# [Exercise brief]
Although the data below contains pictures, output only the lines between those holding "Retro Analog Kitchen Scale Vector Icon" and "Tuyaux PVC spiralés", inclusive, exactly and without those pictures.

# [Study material]
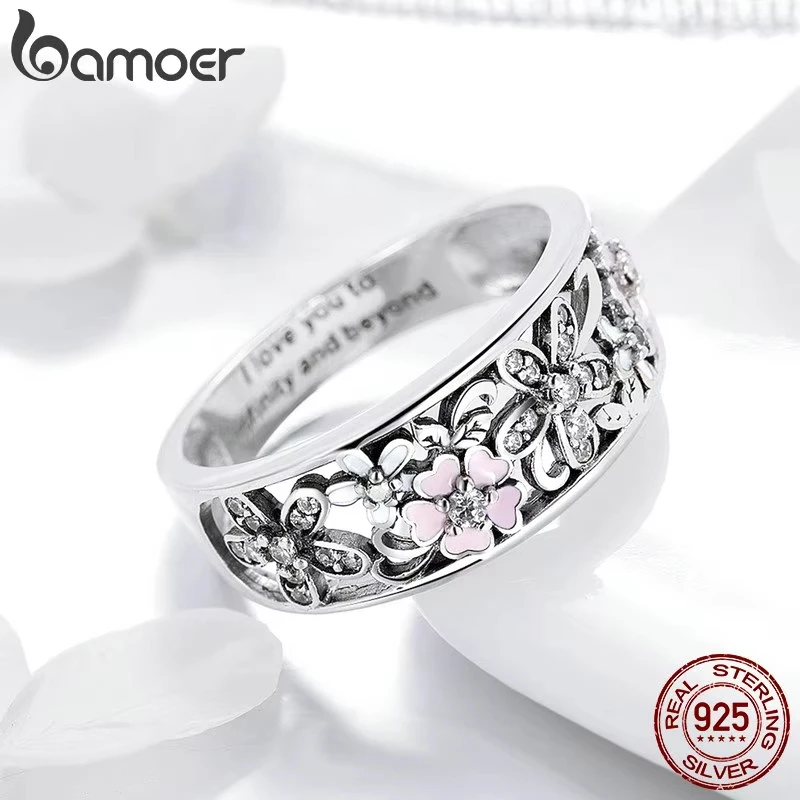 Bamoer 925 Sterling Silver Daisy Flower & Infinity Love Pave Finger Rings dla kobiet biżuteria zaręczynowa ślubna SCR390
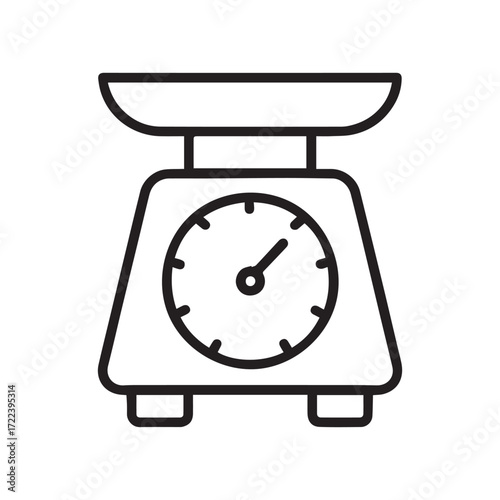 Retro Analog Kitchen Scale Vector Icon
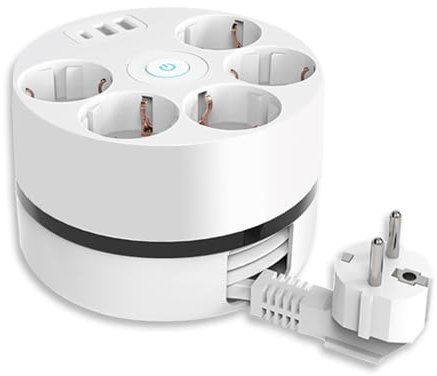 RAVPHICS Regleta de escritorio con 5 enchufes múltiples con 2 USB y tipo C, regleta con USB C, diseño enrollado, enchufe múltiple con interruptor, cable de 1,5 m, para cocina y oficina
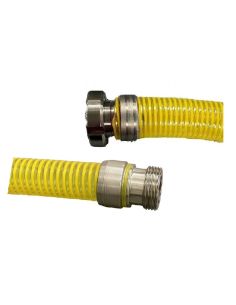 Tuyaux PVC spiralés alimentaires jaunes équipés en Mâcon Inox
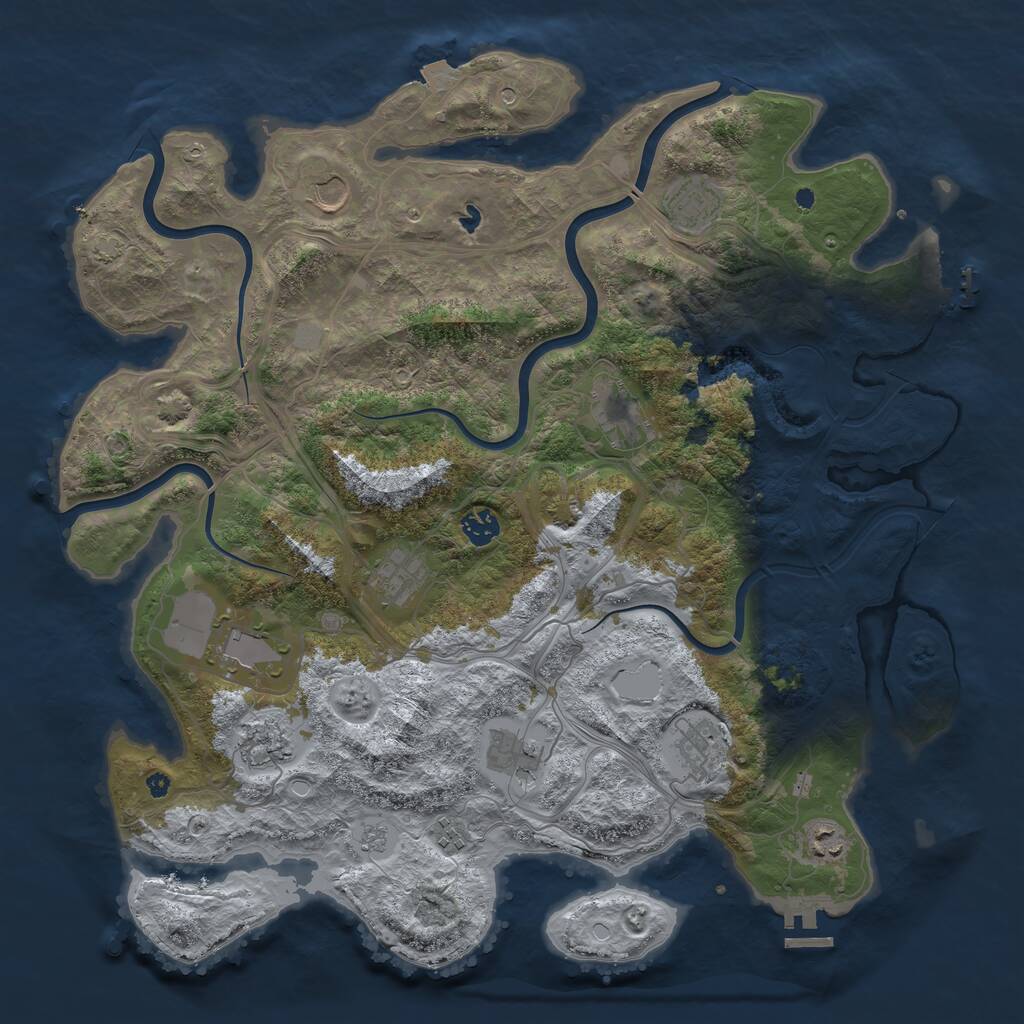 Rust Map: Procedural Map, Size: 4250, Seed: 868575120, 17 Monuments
---
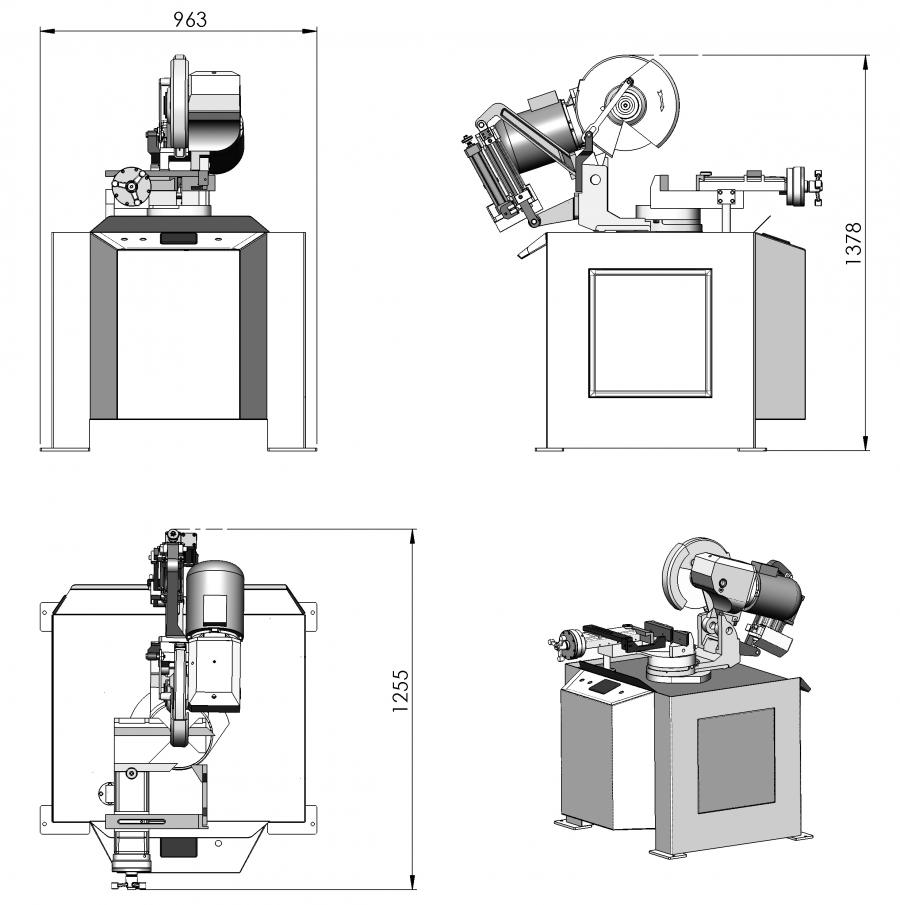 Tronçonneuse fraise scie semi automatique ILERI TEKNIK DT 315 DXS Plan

# [The completed task]
 Retro Analog Kitchen Scale Vector Icon
 RAVPHICS Regleta de escritorio con 5 enchufes múltiples con 2 USB y tipo C, regleta con USB C, diseño enrollado, enchufe múltiple con interruptor, cable de 1,5 m, para cocina y oficina
 Tuyaux PVC spiralés alimentaires jaunes équipés en Mâcon Inox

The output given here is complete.